Directions | Output exactly the lines below, starting with the line that has "Luxe Half Zip Polo Shirt In Black 5" and going on through the line that has "4pc Coloring Books", both included, and no other lines.

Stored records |
------

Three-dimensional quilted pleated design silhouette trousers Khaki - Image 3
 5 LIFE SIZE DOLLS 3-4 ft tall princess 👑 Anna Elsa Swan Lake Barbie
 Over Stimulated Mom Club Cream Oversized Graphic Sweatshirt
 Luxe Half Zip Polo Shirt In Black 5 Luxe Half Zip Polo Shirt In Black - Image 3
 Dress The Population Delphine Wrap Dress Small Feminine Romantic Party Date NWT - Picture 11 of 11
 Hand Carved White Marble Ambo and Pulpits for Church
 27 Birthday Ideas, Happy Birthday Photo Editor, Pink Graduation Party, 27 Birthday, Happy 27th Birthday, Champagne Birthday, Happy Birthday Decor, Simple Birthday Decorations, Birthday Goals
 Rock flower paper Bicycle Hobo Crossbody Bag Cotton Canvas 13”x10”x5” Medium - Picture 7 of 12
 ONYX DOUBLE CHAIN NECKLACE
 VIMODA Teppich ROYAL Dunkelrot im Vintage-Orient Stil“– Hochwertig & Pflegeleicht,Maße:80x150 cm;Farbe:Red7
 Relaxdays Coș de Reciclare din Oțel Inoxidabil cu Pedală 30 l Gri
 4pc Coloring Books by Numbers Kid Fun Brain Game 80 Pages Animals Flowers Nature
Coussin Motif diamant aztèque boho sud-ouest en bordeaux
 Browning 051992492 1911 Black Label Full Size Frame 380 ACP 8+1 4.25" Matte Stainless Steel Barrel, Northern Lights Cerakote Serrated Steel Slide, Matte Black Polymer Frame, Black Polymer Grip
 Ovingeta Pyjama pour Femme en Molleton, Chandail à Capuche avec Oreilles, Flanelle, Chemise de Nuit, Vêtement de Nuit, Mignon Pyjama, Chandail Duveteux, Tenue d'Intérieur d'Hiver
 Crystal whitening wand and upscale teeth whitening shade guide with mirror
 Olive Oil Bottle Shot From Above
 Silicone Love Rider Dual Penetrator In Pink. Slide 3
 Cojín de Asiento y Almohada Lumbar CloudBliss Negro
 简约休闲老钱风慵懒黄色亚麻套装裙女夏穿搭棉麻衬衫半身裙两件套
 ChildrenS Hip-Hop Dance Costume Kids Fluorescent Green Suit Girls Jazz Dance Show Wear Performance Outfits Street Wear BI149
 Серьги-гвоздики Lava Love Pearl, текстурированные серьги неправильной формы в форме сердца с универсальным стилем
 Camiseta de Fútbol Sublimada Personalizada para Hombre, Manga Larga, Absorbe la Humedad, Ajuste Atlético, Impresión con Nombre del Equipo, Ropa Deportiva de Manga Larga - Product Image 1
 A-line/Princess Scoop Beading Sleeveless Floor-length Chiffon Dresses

------

Solution to this task |
 Luxe Half Zip Polo Shirt In Black 5 Luxe Half Zip Polo Shirt In Black - Image 3
 Dress The Population Delphine Wrap Dress Small Feminine Romantic Party Date NWT - Picture 11 of 11
 Hand Carved White Marble Ambo and Pulpits for Church
 27 Birthday Ideas, Happy Birthday Photo Editor, Pink Graduation Party, 27 Birthday, Happy 27th Birthday, Champagne Birthday, Happy Birthday Decor, Simple Birthday Decorations, Birthday Goals
 Rock flower paper Bicycle Hobo Crossbody Bag Cotton Canvas 13”x10”x5” Medium - Picture 7 of 12
 ONYX DOUBLE CHAIN NECKLACE
 VIMODA Teppich ROYAL Dunkelrot im Vintage-Orient Stil“– Hochwertig & Pflegeleicht,Maße:80x150 cm;Farbe:Red7
 Relaxdays Coș de Reciclare din Oțel Inoxidabil cu Pedală 30 l Gri
 4pc Coloring Books by Numbers Kid Fun Brain Game 80 Pages Animals Flowers Nature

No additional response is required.